Reflections on Intergenerational Participatory Action Research: Best Practices and Challenges

By Wendy Y. Perez, Ph.D, Joanna D. Geller, Ph.D, Lisette M. DeSouza, Ph.D, & Arianna Jackson

Introduction

In 2021, the William T. Grant Foundation awarded the Center for Policy, Research, and Evaluation at the NYU Metro Center a grant to explore how a community-based civic leadership initiative for parents/caregivers and their children--the Children’s Leadership Training Institute (CLTI) and the Parent Leadership Training Institute (PLTI)--could disrupt power inequities to influence educational systems and institutions. We hypothesized that simultaneously building the leadership capacity of both children and adults would embed civic knowledge, skills, and confidence within the family, and lead to more sustainable civic engagement and collective action. The PLTI and CLTI Participatory Action Research team is one part of the larger 4-year mixed methods study.

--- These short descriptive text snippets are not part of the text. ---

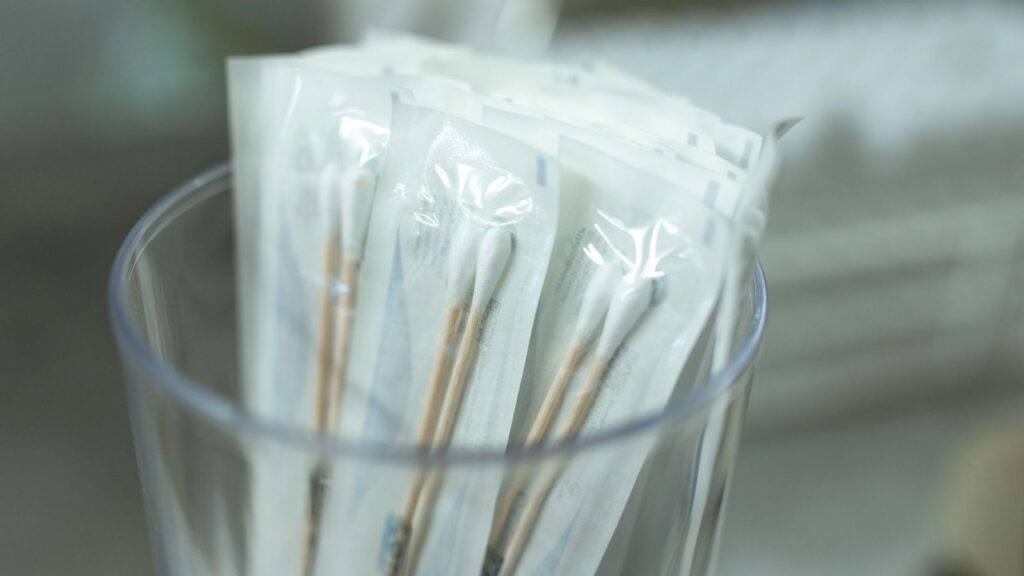 Sterile cotton swabs in sealed packaging, as used for throat and other STI tests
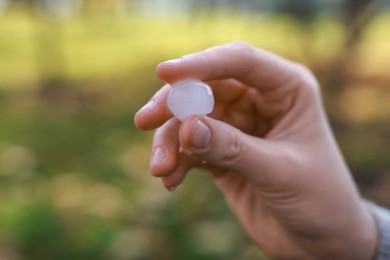Photo of Woman holding hail grain after thunderstorm outdoors, closeup
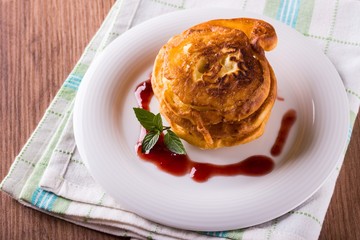 Few apples in dough with jam on white plate and towel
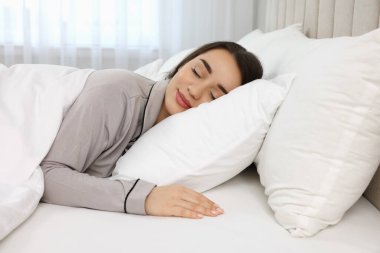 Evdeki yatakta uyuyan güzel bir genç kadın.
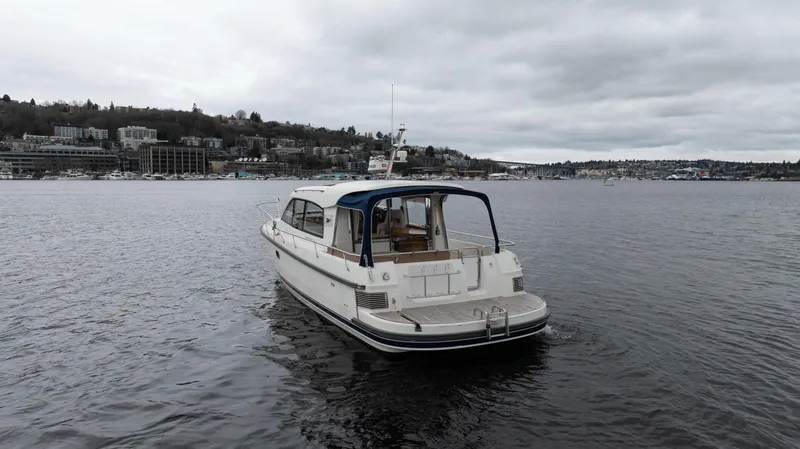 Slide: The Image of Nimbus 365 Coupe 2017 boat on a calm lake under cloudy skies. - 6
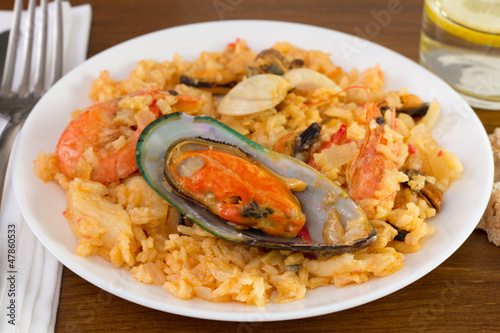 rice with mussels and shrimps on the plate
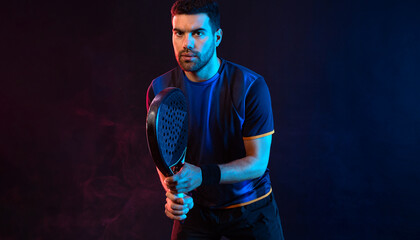Padel tennis player with racket. Man athlete with paddle racket on court with neon colors. Sport...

Participatory action research (PAR) includes representative voices of study participants on the research team and aims to partner with communities to conduct research that will benefit their communities (De Oliveira, 2023). Youth participatory action research (YPAR) allows youth to conduct research relevant to their lives, schools, and communities (Leman et al., 2025). Importantly, YPAR acknowledges that youth have expertise regarding their lived experiences, which are often the focus of research (Leman et al., 2025). YPAR can be an opportunity for youth to exercise autonomy, gain leadership skills, and develop their social identities as changemakers (Ballonoff Suleiman et al., 2021). Similarly, adults benefit from PAR because it allows for trust and mutual respect, diverse perspectives, the lived experiences of those studied to be part of the research, and action based on the results (Balcazar et al., 2009).

Towards this end, our research team partnered with three PLTI/CLTI sites nationwide to form a PAR team for our study on family civics. PLTI and CLTI include 20-week lessons on topics such as parents as change agents, how local systems work and how to interact with them, using your voice, and public policy. Each program consists of a community project. CLTI classes parallel PLTI class topics and are presented in age appropriate ways to the children who participate who usually range in age from 3-12.

One of our study research questions focused on how CLTI and PLTI alumni continued to be civically engaged and how they created stronger communities for children and families. We knew that CLTI and PLTI alumni and staff would be best positioned to help answer that question, as they were closer to the experience and more connected with their communities. We also knew from past projects that participatory research is rewarding for individuals and organizations (Center for Policy, Research, and Evaluation, 2024). In this brief, we share how we recruited PAR team members and organized meetings. We also share best practices, challenges, and recommendations. We include sample meeting agendas as an appendix.